Après sa tirade, je pris soudainement conscience de mon apparence. Je n’y avais pas
pensé plus tôt, mais je suppose qu’on peut dire que je n’étais pas très bien habillé. Ok,
elle avait raison sur un point. Mais quel était son problème ? Je ne suis pas venu pour me
faire incendier par quelqu’un que je connais à peine.

« M-mais ce n’est pas tes affaires, n’est-ce pas ? C’est un pays libre. »

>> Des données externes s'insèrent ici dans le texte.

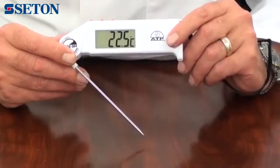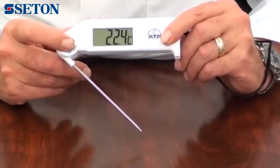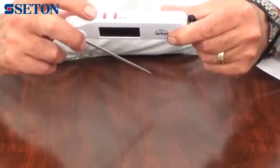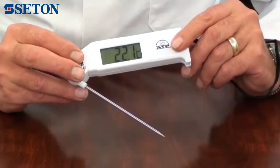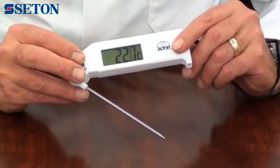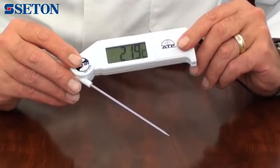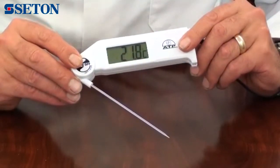The display is a 22mm high contrast LCD featuring large digits and function indicators. The thermometer features data hold — when pressed, it will hold and display the measured value even if the probe is removed from the sample. A min-max memory is featured that will display and hold the lowest and highest recorded measurement since power on or last reset.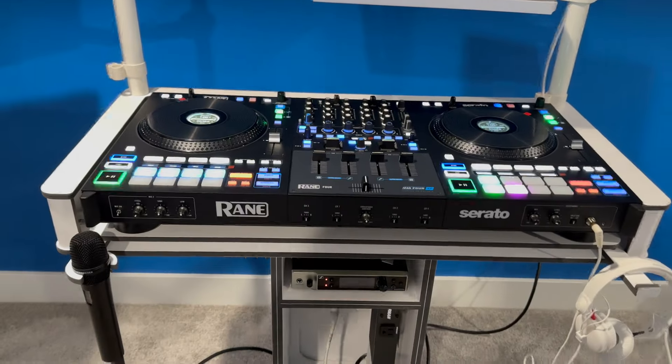When the Rane Four first came out, I didn't really take a serious look at it because I didn't realize they had removed the motorized platters — I didn't realize this was a lighter controller, so that one kind of snuck by me. Then I got word about the Rane Performer and how they were basically taking the Rane Four and adding back the motorized platters, and I went, 'Wait a minute, are you telling me the Rane Four didn't have motorized platters?' Learning that, I got real curious, so I got my hands on one.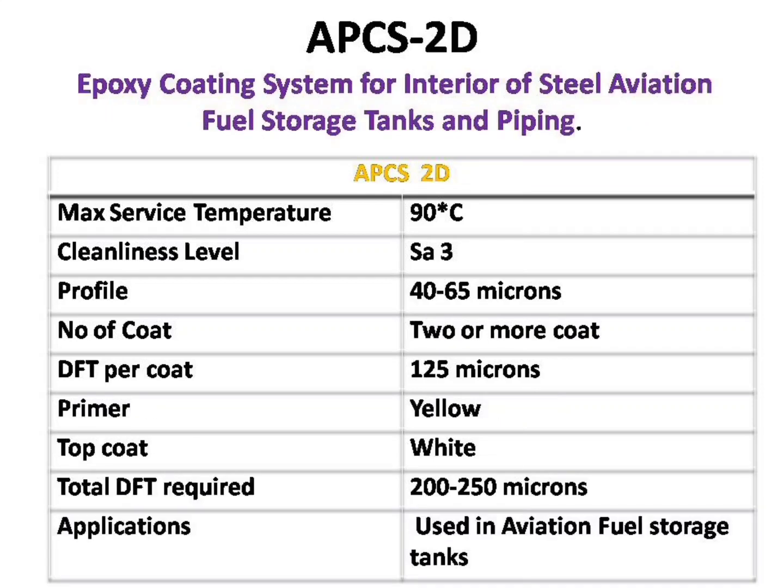The sixth paint we are going to see is APCS-2D. This paint is mostly used in aviation fuel tanks. It has a working temperature of 90 degrees Celsius. It requires a white metal blast profile of 40 to 65 microns and a minimum of 2 or more coats. Each coating should have a minimum dry film thickness of 125 microns, and the overall dry film thickness should be 200 to 250 microns. It has a primer of yellow color and a top coat of white color.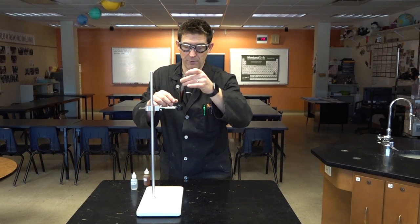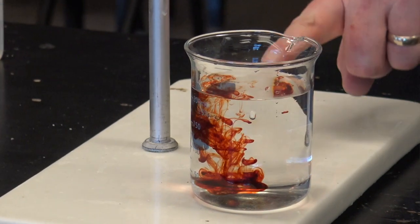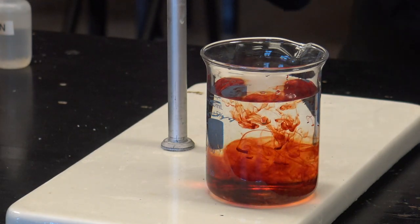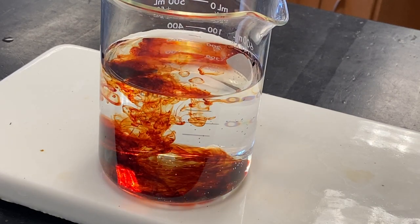It's a whole lot easier to see if we put this in some water. So next step, we'll add water. I love it.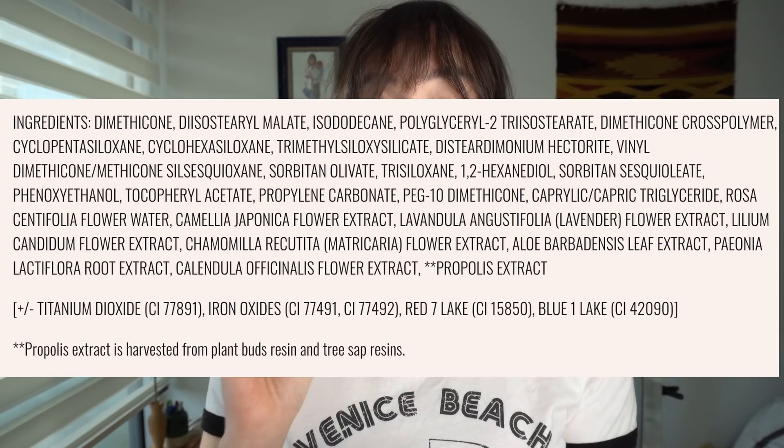They say that propolis extract is harvested from plant buds, resin, and tree sap resins, with no mention that this is actually a bee byproduct — which it is. So if you're vegan and you don't want to use bee byproducts or any animal byproducts, you want to avoid this in your skincare, food, and whatever. I think it's a little misleading to say your product is vegan and then not further clarify in the description what that really means.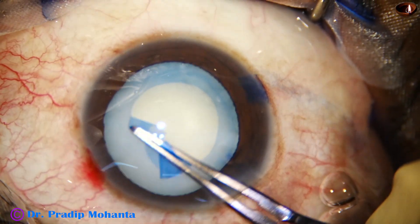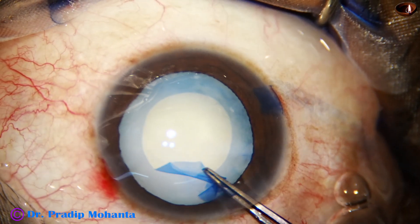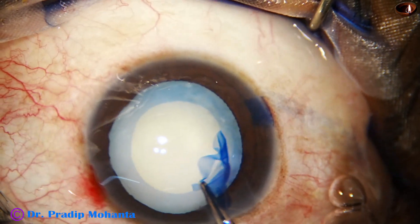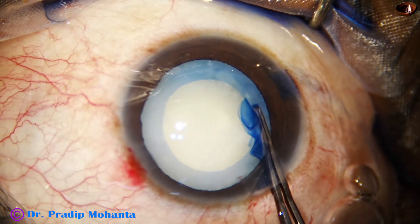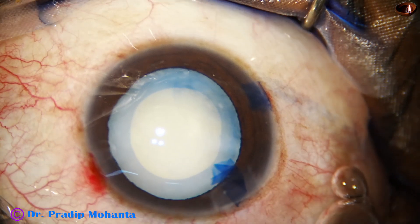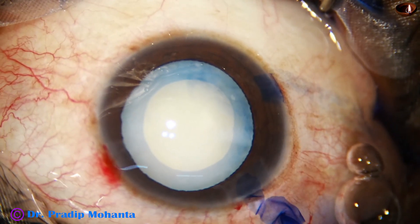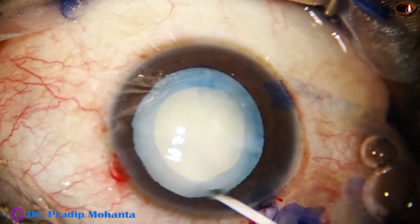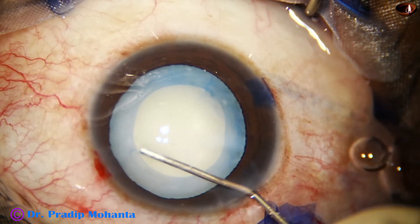I complete the rhexis — a little bit of spiraling of the capsule is done to get a round rhexis. This is an optimum-sized rhexis; the size is about 5.25 millimeters.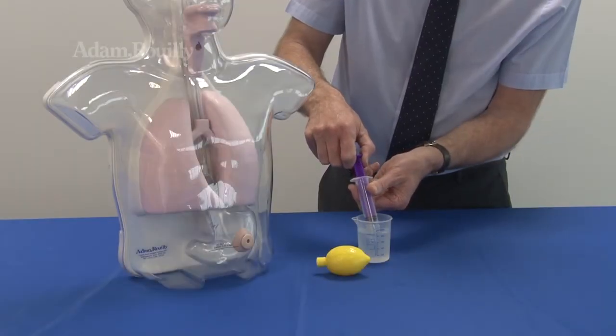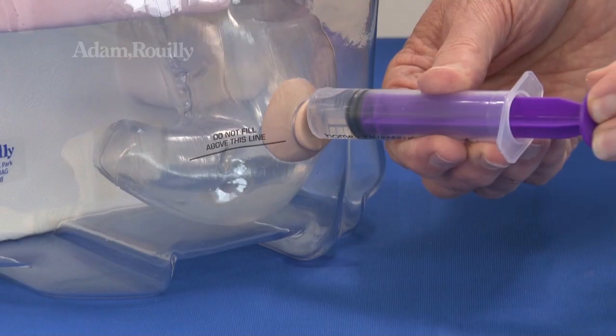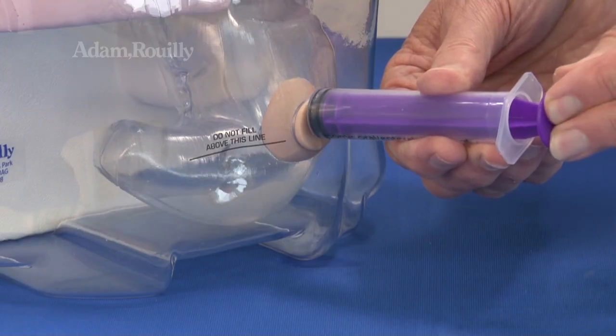Before use, mild acidic stomach aspirate may be inserted before training using the 20ml syringe and gastrostomy opening.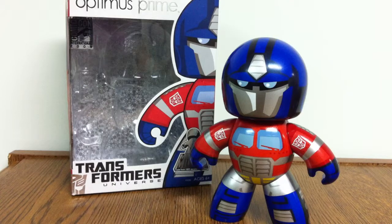Alright, so today I'll be taking a quick look at the Transformers Mighty Mugs Optimus Prime. And this is the San Diego Comic Con 2009 exclusive version.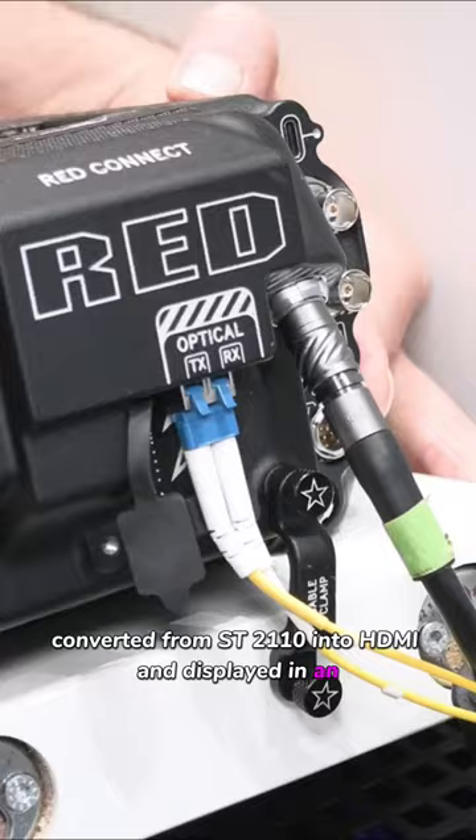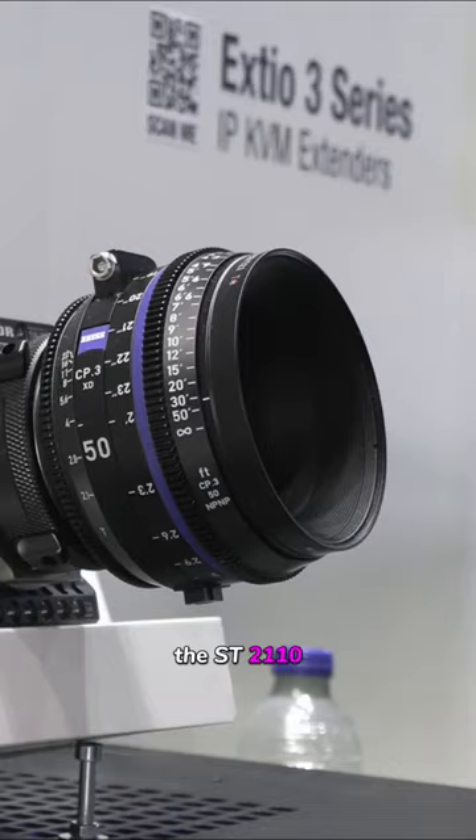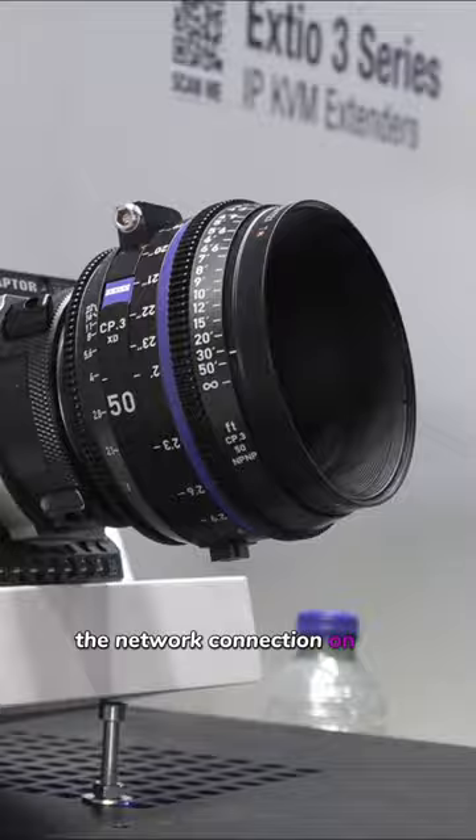Those fiber lines are taking the ST2110, coming out of the network connection on the camera. Then we run that into our Convert IP, and then we do the conversion to HDMI for display on the monitor.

« Oui, ça l’est. Si c’est bon pour toi, je suppose que c’est bien. Tu as dit que j’étais impolie,
mais tu n’es pas mieux que moi. C’est tout ce que je voulais dire. »

« Pas mieux ? »

« Eh bien, nous nous ne rencontrons pas pour la première fois, donc tu n’as pas à
t’excuser. Si c’était la première fois, alors tu aurais dû le faire. »

L’expression dans ses yeux était pire que le mépris pour les ordures, plus dans le domaine
de la haine réelle.

« …Mais maintenant j’en ai assez dit pour être vraiment impolie. Je ne pense pas avoir
tort, mais je m’excuse encore. Pour avoir été impolie, c’est tout. Je suis désolée. Je n’ai
plus envie de parler d’Atafami ou de faire une revanche. Au revoir. »

Sur ce, Aoi Hinami tourna les talons et commença à marcher vers la gare. Je pus
apercevoir son visage pendant qu’elle marchait.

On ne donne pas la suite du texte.